Высвистела в воздухе насмешливую песню, с беспощадной меткостью воткнулась в бедро Времени.
Время рыкнуло, зашипело сквозь зубы, нетерпеливо огляделось по сторонам, растрепывая волосы по ветру.
Время поймало третью стрелку — легкую, полную веселой злости — под лопатку — и нырнуло вперед, ловя скрюченными пальцами воздух.
— Кто? Кто посмел?! — вопль копьем вонзился в невинное вечереющее небо. — Кто посмел?!
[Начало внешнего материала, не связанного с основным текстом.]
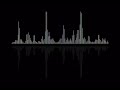 A Skillz Insane Bangers Vol 1 - 10 Mix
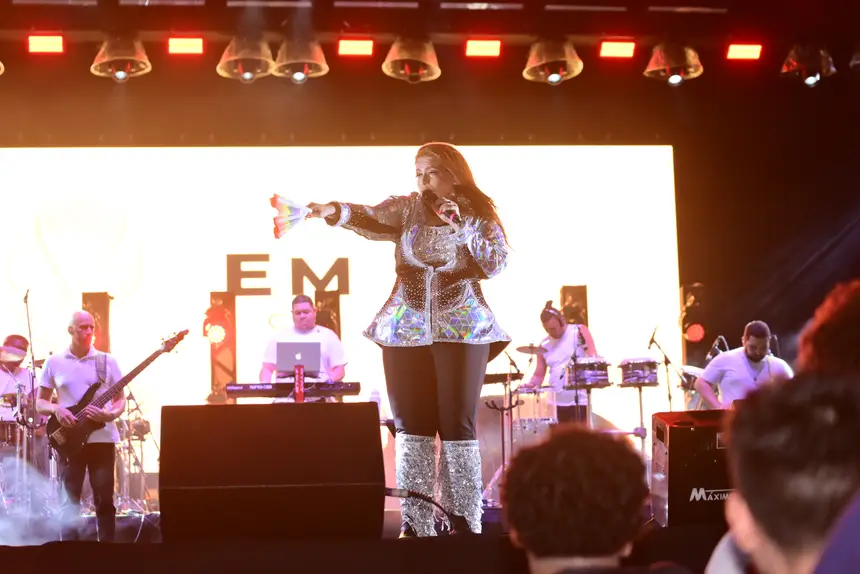  <div class='credito_fotos'>Foto: Arlene Furtado / Secom Gea &nbsp;&nbsp;|&nbsp;&nbsp; <a href='/midias/2025/originais/20251230005415-GF00016834-F00214063.webp' download><i class='fa-solid fa-download'></i> Download</a></div>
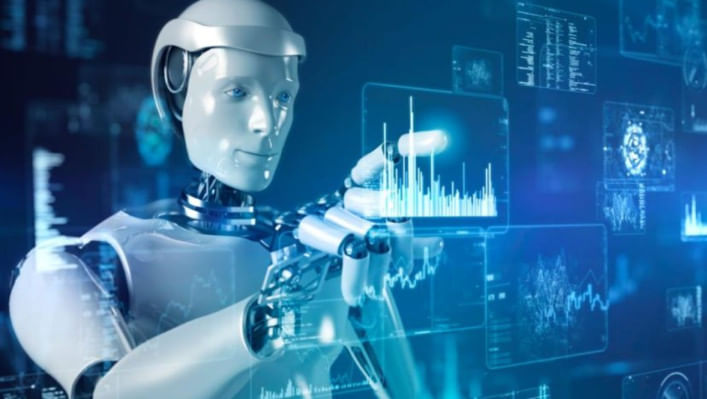 কৃত্রিম বুদ্ধিমত্তার চ্যাটজিপিটি যখন চিন্তার কারণ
— …ты хотел меня видеть, отец.
Я не прятался — ступал медленно и твердо, глядя ему в лицо. Нецарский сын, пастушок, выращенный на Крите нимфами. Перепоясанный шкурой черного леопарда. Со старым луком в руке. Босиком — мне просто привычнее так, когда ступни чувствуют крепкие кости матери-Земли, которая за что-то на тебя, отец, сердится.
Амалфея шла рядом и выступала куда более царственно. В бороде у нее застыл цветок ромашки, взгляд полыхал угрозой, а рога она несла с таким достоинством — куда там моему истертому луку.
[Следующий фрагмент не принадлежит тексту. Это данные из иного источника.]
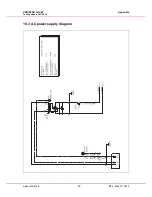 Preview for 43 page of schroff 60714-050 User Manual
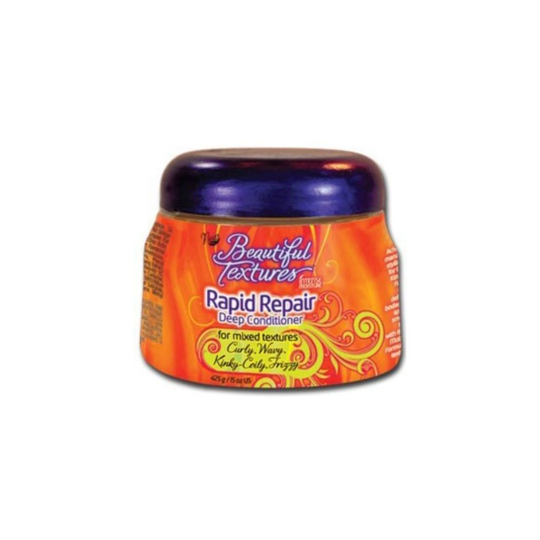 Beautiful Textures Rapid Deep Conditioner 15oz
Куда там белой стрелке, для которой не нужно колчана.
Смешное, наверное, и нелепое зрелище: пастух-лучник вместо героя из пророчества. Мне бы, может, жениться на Метиде, взять у нее приличную одежду, заявиться к тебе с хитроумным планом… глядишь, в песни вошел бы.
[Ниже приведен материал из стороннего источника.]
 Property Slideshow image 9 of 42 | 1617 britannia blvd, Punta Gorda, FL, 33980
А так — братья смотрят пораженно: это еще что? Спаситель наш, что ли?! Сестры аж глаза прикрыли, только одна, рыжая, впивается взглядом. Мать напевает песню, улыбаясь отвлеченной улыбкой — будто нет меня.
Титаны, наверное, смеются про себя, только вслух почему-то забывают. Расступаются, будто за мной по пятам не коза, а эта самая… которая из-за плеч. Которая врала, что ось мира вращает.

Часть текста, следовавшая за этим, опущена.